▶ Assigned task
Restate word for word only the lines running from the one with "Palestinians riot at" to the end of the data, both ends included. Omit any pictures.

▶ Data to use
--

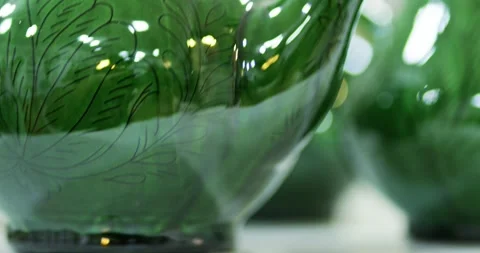 Green Ceramic Teapot Set on Table with Soft Bokeh Background Stock Footage 336963202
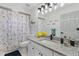 Well-lit bathroom with a granite countertop vanity, decorative mirror, and a shower with a stylish curtain at 5812 Blossom Ave, Tampa, FL 33614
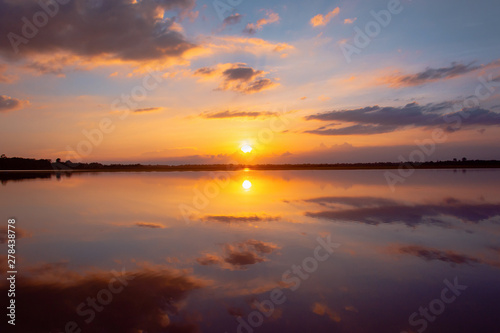 Fototapeta Naklejka Na Ścianę i Meble -  Sunset reflection lagoon. beautiful sunset behind the clouds and blue sky above the over lagoon landscape background. dramatic sky with cloud at sunset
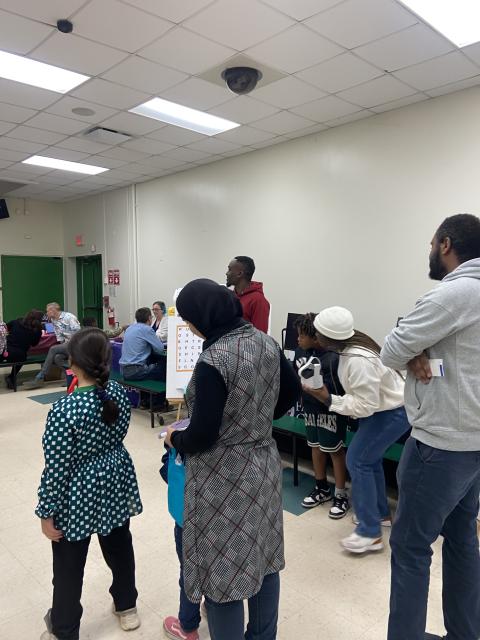 Community members and researchers gather in a classroom for a health screening or educational event, with participants standing and seated around tables.
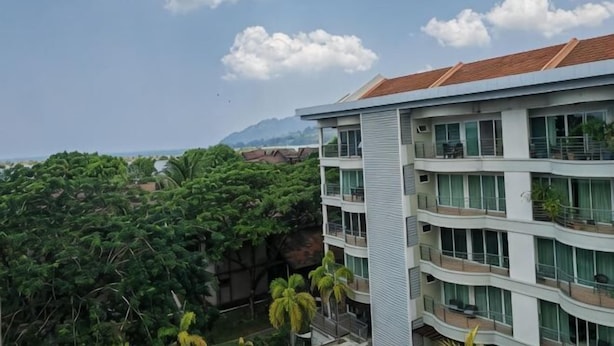 A multi-story building with balconies, large windows, and a view of a mountainous landscape. - Langkawi Perdana Families Suite @ Langkawi Airport (Langkawi)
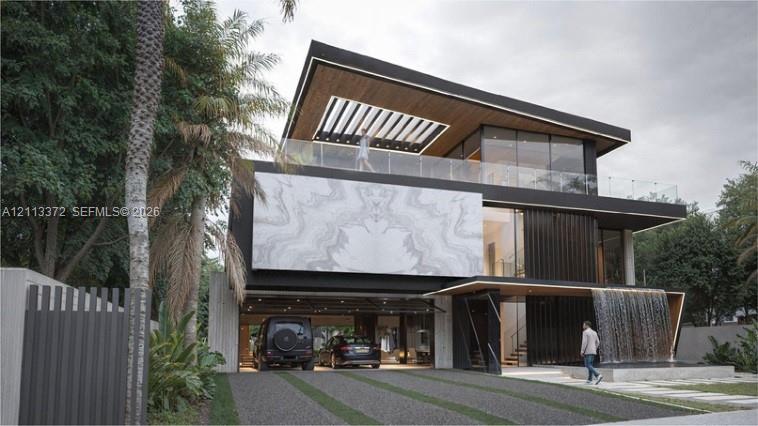 Contemporary multi-level exterior featuring a stone-clad facade, a covered ground-level parking area, a glass-railed upper terrace with a wood-paneled ceiling, and a built-in water feature
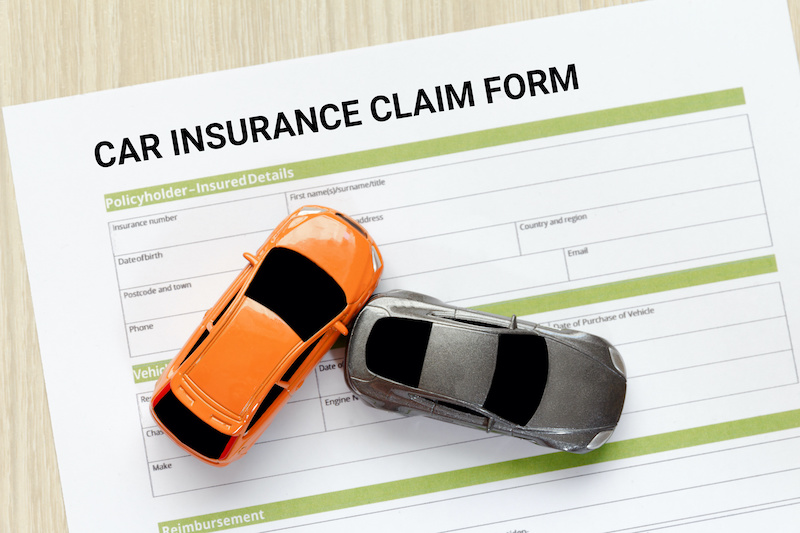 Top view of car insurance claim form with car toy crash on wooden desk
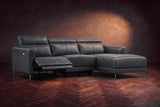 The Andria power reclining sectional on a walnut herringbone floor with the arm-end power recliner open: its two-tier footrest out and its headrest raised. Shown in Aged Slate, Right chaise.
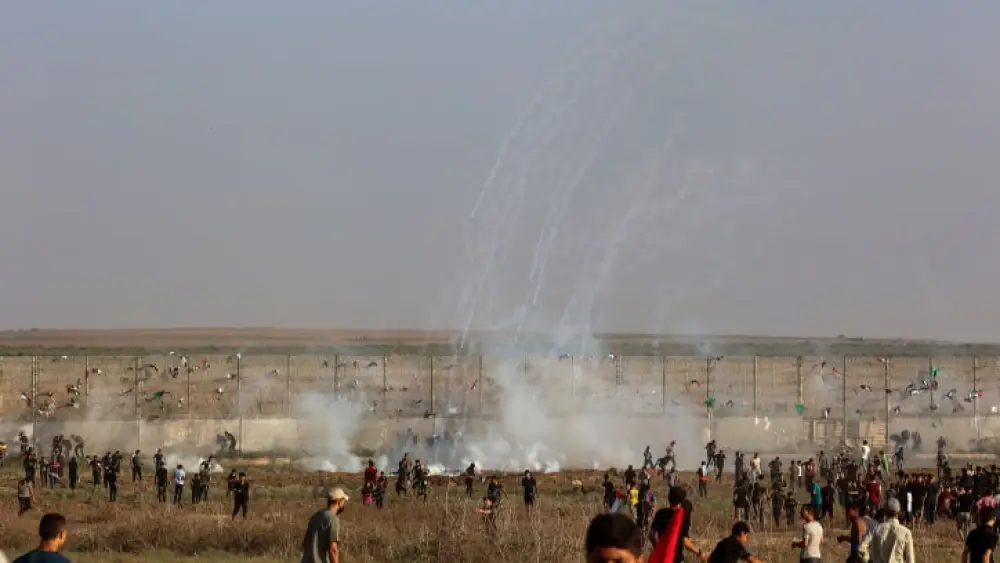 Palestinians riot at the Israeli border fence, east of Gaza City on Aug. 21, 2023. Photo by Atia Mohammed/Flash90.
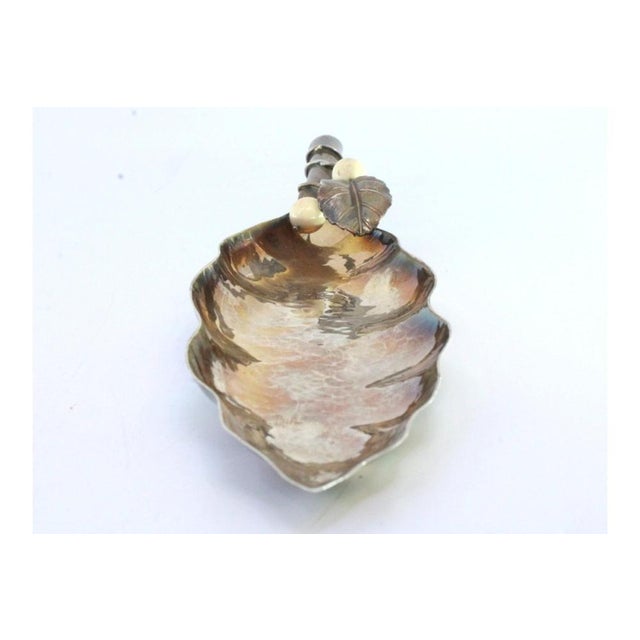 Hammered Silver and Gold Leaf-Shaped Bowl with Handle Applications, in Very Good conditions. Designed 1980 to 1989 This...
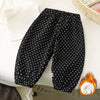 Black fleece-lined polka dot pants laid flat on a white surface.
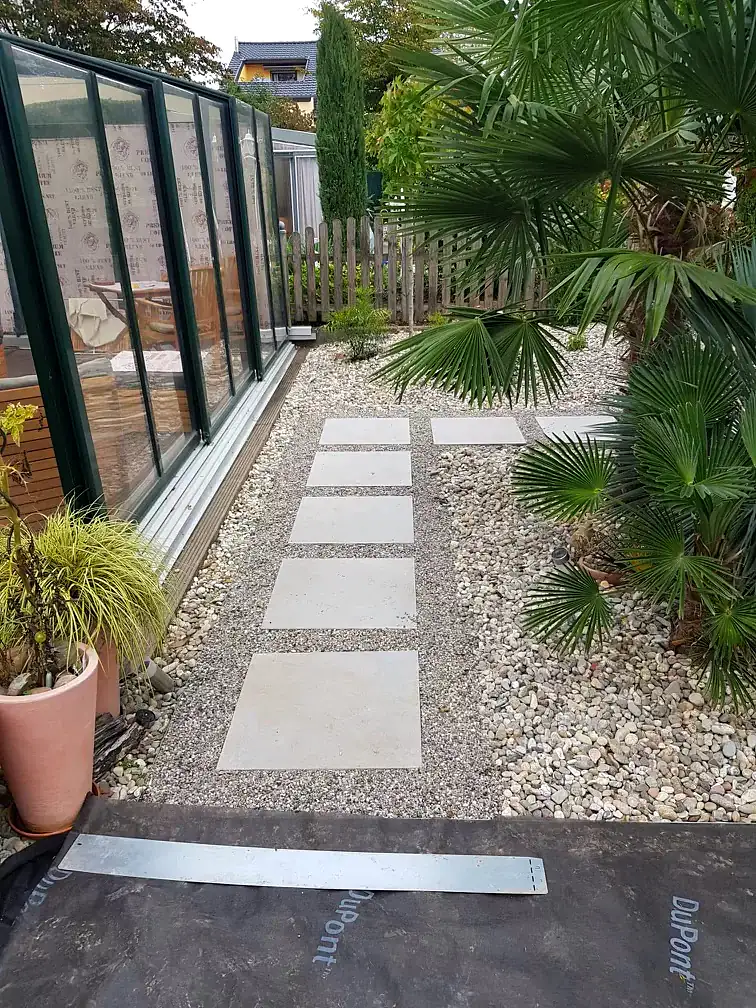 Neu angelegter Plattenweg mit Kiesbett und Bepflanzung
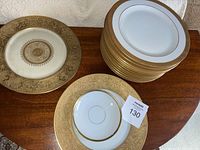 Top view of stacked china plates including Hutschenreuther Bavaria plates and other assorted plates with gold detailing.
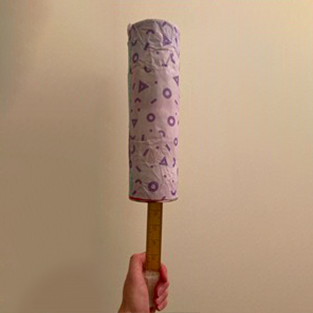 Tube guitar decorated with white paper with purple shapes.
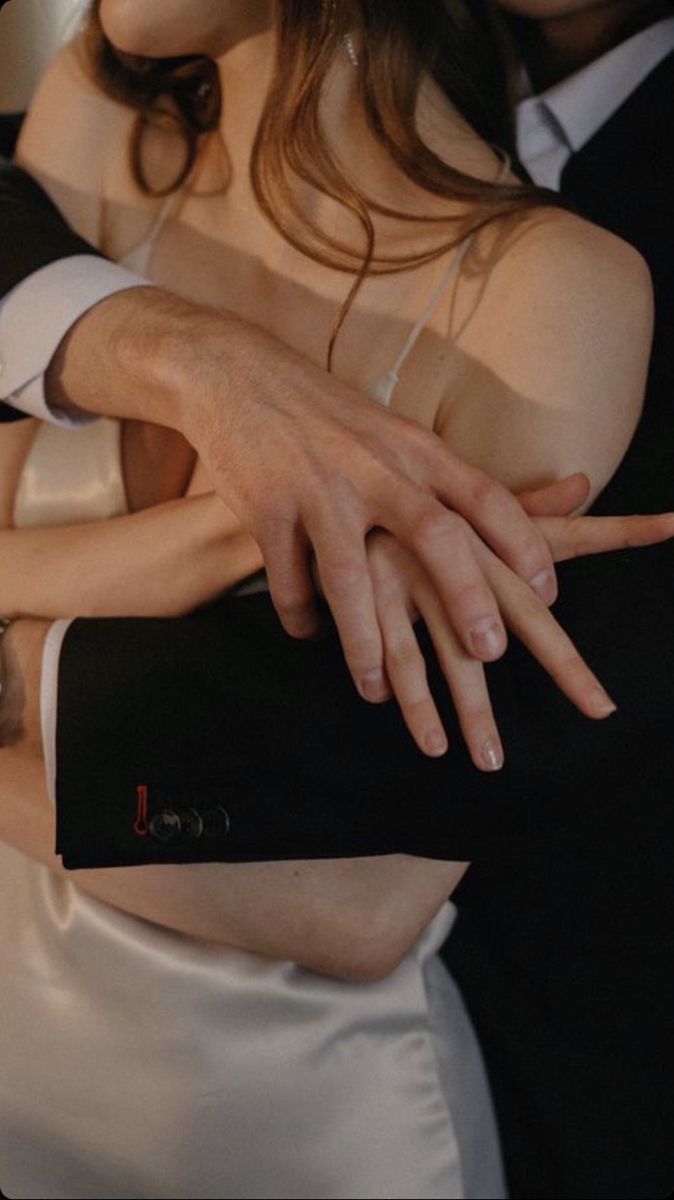 a man and woman hugging each other with their hands on the back of one another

--

▶ Expected answer
 Palestinians riot at the Israeli border fence, east of Gaza City on Aug. 21, 2023. Photo by Atia Mohammed/Flash90.
 Hammered Silver and Gold Leaf-Shaped Bowl with Handle Applications, in Very Good conditions. Designed 1980 to 1989 This...
 Black fleece-lined polka dot pants laid flat on a white surface.
 Neu angelegter Plattenweg mit Kiesbett und Bepflanzung
 Top view of stacked china plates including Hutschenreuther Bavaria plates and other assorted plates with gold detailing.
 Tube guitar decorated with white paper with purple shapes.
 a man and woman hugging each other with their hands on the back of one another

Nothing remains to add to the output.